The Clark and Park transformations transform the voltage a,b,c in time domain into the voltage d,q,0 in the synchronous reference frame expressed as Usd, Usq, and Us0. The synchronous reference frame is aligned to Phase A of the three-phase Vgrid. The d-axis voltage Usd is maximum, and the q-axis voltage Usq ~ 0. For the voltages at the other nodes of the power system network, if there is a significant phase angle difference from the Vgrid, the representation of the voltages in dq0 axis will be different and the Usq may not be equal to zero. The intermediate values of the voltage output of the Clarke transformation changes the three-phase a,b,c stationary reference frame into coordinate α,β,0 in stationary reference frame. Note that the phase-angle shift in the a,b,c voltages is 120° with respect to one another, while in the 𝛼,𝛽,0 it is 90° with respect to one another. The zero sequence only presents in the unbalanced faults involving the ground with the certain connections of the transformers.

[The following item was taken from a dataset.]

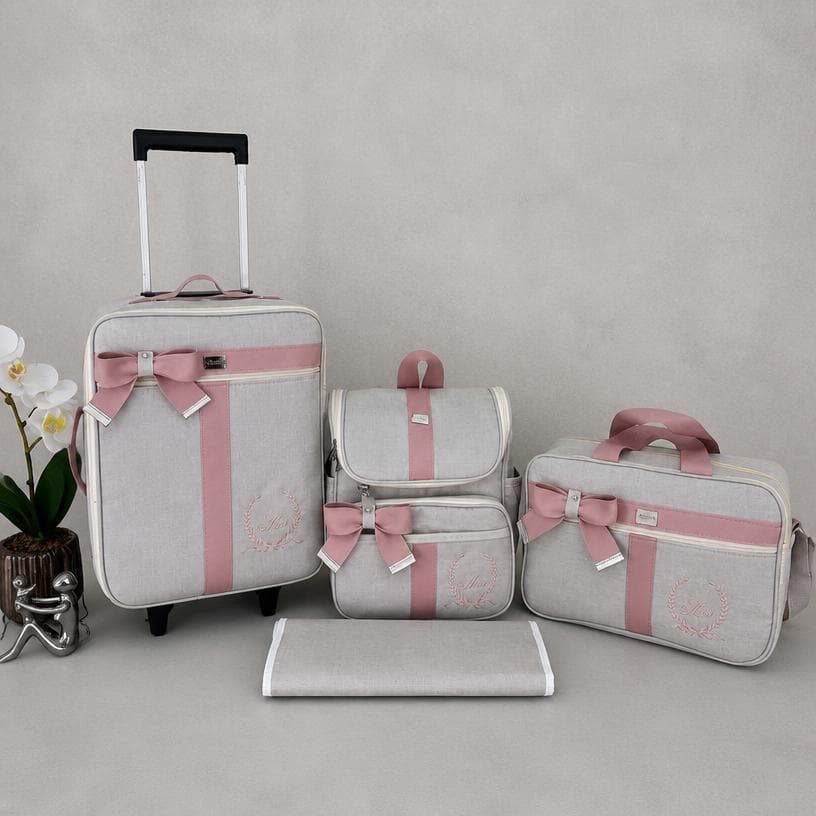 kit de bolsas de maternidade com mala de rodinha e mochila 2 em um bege  com faixa rosê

During a single-line-to-ground fault (phase A), Phase A voltage is grounded, and the flat line of Phase A voltage indicates a faulted phase. Representation in the dq0 axis is slightly different. During an SLG fault, the Usq and Usd have oscillating components at 120 Hz, indicating the presence of the negative-sequence voltage. The zero-sequence voltage Us0, however, shows a small 60-Hz oscillation.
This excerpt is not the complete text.